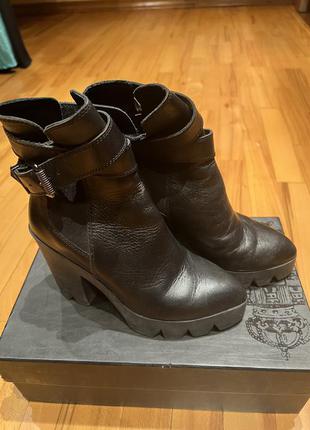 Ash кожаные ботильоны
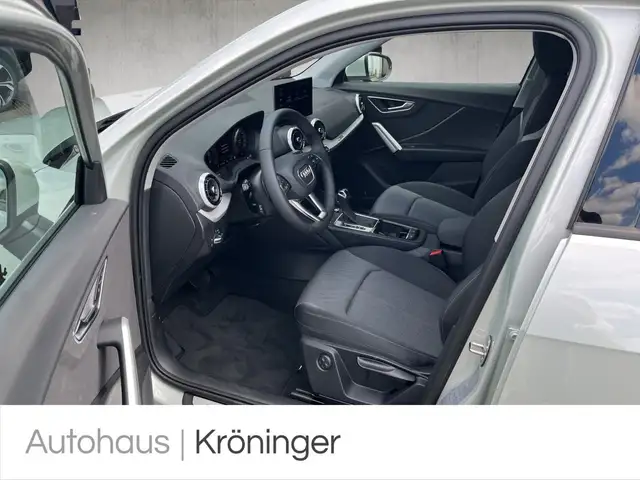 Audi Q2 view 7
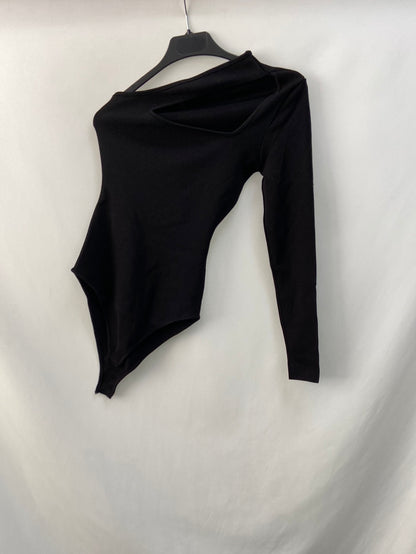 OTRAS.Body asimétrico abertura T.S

◆ ◆ ◆ ◆

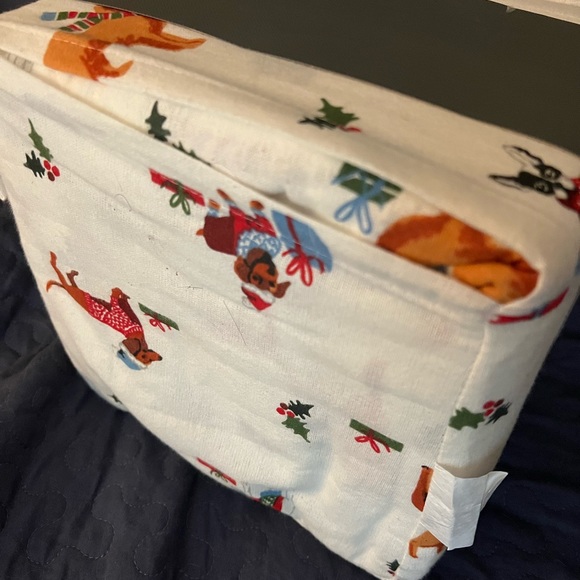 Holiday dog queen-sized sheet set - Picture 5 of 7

◆ ◆ ◆ ◆

■ THE TASK:
Print, word for word, the lines above that run from the line containing "Ash кожаные ботильоны" to the line containing "OTRAS.Body asimétrico abertura T.S", both included. Keep the pictures out.

■ ANSWER SPACE:
 Ash кожаные ботильоны
 Audi Q2 view 7
 OTRAS.Body asimétrico abertura T.S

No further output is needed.